__GOAL OF THE EXERCISE__: Once the line containing "A Seattle Food" is found in the entries below, restate it and each following line word for word, stopping after the line containing "Facial machine".

__SOURCE RECORDS__:
[Start of section]
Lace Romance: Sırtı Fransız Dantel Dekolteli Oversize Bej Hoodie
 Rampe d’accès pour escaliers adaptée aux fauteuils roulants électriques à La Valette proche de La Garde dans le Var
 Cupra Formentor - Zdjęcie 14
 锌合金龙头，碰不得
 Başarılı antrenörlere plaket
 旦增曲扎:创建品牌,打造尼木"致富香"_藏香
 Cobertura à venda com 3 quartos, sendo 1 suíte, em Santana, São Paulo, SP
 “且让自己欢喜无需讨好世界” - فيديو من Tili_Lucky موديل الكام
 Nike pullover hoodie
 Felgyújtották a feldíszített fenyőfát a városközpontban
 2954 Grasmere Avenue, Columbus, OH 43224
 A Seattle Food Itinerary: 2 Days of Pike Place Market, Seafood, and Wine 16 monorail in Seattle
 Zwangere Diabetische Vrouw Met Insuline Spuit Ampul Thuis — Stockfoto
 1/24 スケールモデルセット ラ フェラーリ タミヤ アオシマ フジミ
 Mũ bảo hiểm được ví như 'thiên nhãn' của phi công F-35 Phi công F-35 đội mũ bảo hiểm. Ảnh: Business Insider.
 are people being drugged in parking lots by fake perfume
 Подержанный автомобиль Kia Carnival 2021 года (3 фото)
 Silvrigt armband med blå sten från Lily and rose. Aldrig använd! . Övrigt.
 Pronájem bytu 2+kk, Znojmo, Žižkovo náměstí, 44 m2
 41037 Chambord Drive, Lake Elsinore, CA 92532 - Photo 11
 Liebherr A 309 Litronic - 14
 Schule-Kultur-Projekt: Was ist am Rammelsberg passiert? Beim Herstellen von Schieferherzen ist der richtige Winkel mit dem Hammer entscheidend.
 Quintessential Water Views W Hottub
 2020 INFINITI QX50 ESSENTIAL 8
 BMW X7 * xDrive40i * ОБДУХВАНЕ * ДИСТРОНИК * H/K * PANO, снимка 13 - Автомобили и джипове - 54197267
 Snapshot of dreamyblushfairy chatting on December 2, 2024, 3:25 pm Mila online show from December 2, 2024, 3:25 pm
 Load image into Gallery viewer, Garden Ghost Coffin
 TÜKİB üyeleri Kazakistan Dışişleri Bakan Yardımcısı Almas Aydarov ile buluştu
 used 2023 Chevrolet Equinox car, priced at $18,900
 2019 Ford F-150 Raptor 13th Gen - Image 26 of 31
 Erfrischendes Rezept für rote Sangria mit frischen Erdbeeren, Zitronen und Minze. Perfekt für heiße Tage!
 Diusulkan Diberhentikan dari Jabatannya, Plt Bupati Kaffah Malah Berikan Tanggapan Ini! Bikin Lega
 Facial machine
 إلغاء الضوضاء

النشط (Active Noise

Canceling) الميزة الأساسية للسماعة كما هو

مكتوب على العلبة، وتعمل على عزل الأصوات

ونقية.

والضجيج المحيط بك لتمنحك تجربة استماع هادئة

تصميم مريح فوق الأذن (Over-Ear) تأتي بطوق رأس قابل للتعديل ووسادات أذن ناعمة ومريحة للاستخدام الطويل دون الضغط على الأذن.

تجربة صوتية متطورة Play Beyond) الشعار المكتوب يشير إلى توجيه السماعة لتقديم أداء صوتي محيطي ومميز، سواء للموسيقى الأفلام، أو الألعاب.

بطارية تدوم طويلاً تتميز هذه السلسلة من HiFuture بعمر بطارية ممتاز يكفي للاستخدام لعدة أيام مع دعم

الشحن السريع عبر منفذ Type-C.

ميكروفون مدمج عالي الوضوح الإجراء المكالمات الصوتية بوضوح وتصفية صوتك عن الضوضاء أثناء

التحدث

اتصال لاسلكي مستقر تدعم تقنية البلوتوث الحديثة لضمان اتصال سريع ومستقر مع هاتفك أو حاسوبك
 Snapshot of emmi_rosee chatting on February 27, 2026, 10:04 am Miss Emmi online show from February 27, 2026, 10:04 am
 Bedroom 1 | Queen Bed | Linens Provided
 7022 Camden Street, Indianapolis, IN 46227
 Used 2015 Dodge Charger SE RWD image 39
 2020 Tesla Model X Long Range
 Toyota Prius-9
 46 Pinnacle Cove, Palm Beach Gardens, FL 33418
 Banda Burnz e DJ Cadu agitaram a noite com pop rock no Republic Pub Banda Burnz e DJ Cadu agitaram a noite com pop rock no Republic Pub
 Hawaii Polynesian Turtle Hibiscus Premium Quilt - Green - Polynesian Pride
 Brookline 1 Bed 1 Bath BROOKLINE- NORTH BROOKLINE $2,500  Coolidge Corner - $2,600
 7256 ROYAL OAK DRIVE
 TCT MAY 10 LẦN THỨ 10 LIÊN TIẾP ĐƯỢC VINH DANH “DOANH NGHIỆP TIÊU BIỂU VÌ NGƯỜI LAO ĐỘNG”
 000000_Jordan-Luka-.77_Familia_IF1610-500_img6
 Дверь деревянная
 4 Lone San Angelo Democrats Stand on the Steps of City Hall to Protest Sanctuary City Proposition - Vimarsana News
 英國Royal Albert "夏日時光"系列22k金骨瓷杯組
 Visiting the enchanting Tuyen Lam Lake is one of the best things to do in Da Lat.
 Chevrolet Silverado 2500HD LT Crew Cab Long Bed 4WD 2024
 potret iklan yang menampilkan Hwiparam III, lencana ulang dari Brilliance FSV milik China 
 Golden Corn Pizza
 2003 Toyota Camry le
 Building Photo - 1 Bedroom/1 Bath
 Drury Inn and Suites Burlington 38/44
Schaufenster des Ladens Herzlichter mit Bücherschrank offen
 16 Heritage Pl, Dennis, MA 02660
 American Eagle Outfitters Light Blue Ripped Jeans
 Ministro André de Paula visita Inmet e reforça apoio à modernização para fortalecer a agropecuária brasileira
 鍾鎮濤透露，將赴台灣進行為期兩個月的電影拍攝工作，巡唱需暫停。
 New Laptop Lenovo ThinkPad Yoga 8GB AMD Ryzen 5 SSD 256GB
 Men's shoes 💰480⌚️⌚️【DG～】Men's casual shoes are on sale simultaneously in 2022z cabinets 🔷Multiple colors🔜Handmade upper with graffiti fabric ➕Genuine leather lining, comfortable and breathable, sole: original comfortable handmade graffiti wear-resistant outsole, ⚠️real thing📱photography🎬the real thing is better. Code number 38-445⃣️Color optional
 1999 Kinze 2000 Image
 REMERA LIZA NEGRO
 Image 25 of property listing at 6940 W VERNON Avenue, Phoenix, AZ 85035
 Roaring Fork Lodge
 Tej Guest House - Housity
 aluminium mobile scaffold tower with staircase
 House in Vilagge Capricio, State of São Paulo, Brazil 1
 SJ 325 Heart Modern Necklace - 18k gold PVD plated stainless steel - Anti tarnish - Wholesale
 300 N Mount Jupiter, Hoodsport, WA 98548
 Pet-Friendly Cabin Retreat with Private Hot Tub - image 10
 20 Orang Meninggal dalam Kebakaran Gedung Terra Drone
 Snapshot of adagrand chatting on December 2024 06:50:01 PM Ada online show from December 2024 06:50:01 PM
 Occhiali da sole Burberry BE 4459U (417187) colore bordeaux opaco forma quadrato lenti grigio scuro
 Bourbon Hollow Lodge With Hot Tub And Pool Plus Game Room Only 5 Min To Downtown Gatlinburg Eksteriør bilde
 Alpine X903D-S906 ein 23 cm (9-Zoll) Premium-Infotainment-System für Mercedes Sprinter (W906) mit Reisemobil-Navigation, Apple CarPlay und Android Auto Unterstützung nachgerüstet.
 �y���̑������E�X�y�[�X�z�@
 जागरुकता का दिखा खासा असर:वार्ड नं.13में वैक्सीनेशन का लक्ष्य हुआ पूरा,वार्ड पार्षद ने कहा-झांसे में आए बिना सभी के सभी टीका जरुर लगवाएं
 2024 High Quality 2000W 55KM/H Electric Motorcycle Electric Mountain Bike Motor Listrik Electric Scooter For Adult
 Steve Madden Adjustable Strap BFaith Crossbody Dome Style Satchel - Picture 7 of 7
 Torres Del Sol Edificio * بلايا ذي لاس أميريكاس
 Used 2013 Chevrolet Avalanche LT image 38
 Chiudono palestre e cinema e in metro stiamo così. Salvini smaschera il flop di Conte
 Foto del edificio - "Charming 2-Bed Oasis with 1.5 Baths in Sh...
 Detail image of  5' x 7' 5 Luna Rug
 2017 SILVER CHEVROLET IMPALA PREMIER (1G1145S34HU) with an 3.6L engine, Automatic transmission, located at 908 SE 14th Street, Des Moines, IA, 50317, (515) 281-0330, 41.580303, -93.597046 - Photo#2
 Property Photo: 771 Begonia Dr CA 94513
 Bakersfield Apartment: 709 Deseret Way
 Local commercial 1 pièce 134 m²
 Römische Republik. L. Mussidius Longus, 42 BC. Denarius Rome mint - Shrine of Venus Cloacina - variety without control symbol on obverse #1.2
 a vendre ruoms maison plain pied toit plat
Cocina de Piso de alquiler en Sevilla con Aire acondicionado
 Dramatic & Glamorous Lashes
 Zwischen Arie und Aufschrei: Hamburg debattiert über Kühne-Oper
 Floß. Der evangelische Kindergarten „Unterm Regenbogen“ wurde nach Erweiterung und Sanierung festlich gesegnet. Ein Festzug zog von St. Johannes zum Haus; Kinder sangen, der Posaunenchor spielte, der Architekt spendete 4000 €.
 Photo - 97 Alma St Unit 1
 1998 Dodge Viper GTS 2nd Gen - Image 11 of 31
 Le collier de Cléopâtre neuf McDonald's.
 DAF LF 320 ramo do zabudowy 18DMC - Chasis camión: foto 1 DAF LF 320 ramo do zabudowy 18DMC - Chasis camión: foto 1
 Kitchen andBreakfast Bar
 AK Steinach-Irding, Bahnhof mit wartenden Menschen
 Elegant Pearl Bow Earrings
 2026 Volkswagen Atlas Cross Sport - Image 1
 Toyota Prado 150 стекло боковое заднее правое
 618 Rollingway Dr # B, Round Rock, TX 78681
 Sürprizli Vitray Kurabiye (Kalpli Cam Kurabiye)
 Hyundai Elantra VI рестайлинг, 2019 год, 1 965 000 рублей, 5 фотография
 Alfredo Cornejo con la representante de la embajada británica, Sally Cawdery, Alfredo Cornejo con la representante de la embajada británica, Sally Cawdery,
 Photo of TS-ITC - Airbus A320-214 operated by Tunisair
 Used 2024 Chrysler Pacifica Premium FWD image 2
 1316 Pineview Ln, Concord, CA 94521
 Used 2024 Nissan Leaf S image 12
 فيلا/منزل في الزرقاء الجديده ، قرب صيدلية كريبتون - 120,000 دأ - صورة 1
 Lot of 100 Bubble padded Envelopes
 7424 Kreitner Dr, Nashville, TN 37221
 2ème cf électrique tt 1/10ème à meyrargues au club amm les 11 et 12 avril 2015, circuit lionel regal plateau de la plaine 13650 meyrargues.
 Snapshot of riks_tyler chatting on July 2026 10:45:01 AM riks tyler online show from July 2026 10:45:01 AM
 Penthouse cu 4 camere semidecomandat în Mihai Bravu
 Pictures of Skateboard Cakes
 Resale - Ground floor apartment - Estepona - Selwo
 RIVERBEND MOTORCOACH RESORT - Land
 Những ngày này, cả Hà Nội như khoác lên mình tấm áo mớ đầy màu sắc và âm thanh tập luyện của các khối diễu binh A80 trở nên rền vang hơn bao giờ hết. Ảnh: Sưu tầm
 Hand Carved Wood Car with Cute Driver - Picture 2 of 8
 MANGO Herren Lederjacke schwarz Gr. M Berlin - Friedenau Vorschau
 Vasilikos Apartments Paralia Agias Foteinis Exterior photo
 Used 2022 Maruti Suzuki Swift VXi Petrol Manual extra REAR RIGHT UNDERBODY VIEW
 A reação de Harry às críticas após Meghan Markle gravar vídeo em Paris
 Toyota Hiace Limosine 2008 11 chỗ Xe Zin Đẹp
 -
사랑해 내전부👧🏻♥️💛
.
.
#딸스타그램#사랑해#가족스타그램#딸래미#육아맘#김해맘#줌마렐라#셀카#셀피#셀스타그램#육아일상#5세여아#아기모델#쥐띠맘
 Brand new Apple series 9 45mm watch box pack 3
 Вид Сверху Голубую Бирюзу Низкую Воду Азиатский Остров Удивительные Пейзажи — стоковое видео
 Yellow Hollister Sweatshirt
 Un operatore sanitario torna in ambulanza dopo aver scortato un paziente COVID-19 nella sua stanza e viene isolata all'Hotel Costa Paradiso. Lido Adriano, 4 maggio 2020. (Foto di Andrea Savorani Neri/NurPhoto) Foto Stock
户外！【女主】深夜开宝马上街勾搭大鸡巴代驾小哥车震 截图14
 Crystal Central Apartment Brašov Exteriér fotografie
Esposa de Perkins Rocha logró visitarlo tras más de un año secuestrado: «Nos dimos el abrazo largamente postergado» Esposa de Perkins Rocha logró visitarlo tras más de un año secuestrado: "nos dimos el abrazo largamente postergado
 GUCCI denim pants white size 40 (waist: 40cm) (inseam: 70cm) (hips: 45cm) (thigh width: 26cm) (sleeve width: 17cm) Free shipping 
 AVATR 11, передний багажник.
[End of section]
__ANSWER SPACE__:
 A Seattle Food Itinerary: 2 Days of Pike Place Market, Seafood, and Wine 16 monorail in Seattle
 Zwangere Diabetische Vrouw Met Insuline Spuit Ampul Thuis — Stockfoto
 1/24 スケールモデルセット ラ フェラーリ タミヤ アオシマ フジミ
 Mũ bảo hiểm được ví như 'thiên nhãn' của phi công F-35 Phi công F-35 đội mũ bảo hiểm. Ảnh: Business Insider.
 are people being drugged in parking lots by fake perfume
 Подержанный автомобиль Kia Carnival 2021 года (3 фото)
 Silvrigt armband med blå sten från Lily and rose. Aldrig använd! . Övrigt.
 Pronájem bytu 2+kk, Znojmo, Žižkovo náměstí, 44 m2
 41037 Chambord Drive, Lake Elsinore, CA 92532 - Photo 11
 Liebherr A 309 Litronic - 14
 Schule-Kultur-Projekt: Was ist am Rammelsberg passiert? Beim Herstellen von Schieferherzen ist der richtige Winkel mit dem Hammer entscheidend.
 Quintessential Water Views W Hottub
 2020 INFINITI QX50 ESSENTIAL 8
 BMW X7 * xDrive40i * ОБДУХВАНЕ * ДИСТРОНИК * H/K * PANO, снимка 13 - Автомобили и джипове - 54197267
 Snapshot of dreamyblushfairy chatting on December 2, 2024, 3:25 pm Mila online show from December 2, 2024, 3:25 pm
 Load image into Gallery viewer, Garden Ghost Coffin
 TÜKİB üyeleri Kazakistan Dışişleri Bakan Yardımcısı Almas Aydarov ile buluştu
 used 2023 Chevrolet Equinox car, priced at $18,900
 2019 Ford F-150 Raptor 13th Gen - Image 26 of 31
 Erfrischendes Rezept für rote Sangria mit frischen Erdbeeren, Zitronen und Minze. Perfekt für heiße Tage!
 Diusulkan Diberhentikan dari Jabatannya, Plt Bupati Kaffah Malah Berikan Tanggapan Ini! Bikin Lega
 Facial machine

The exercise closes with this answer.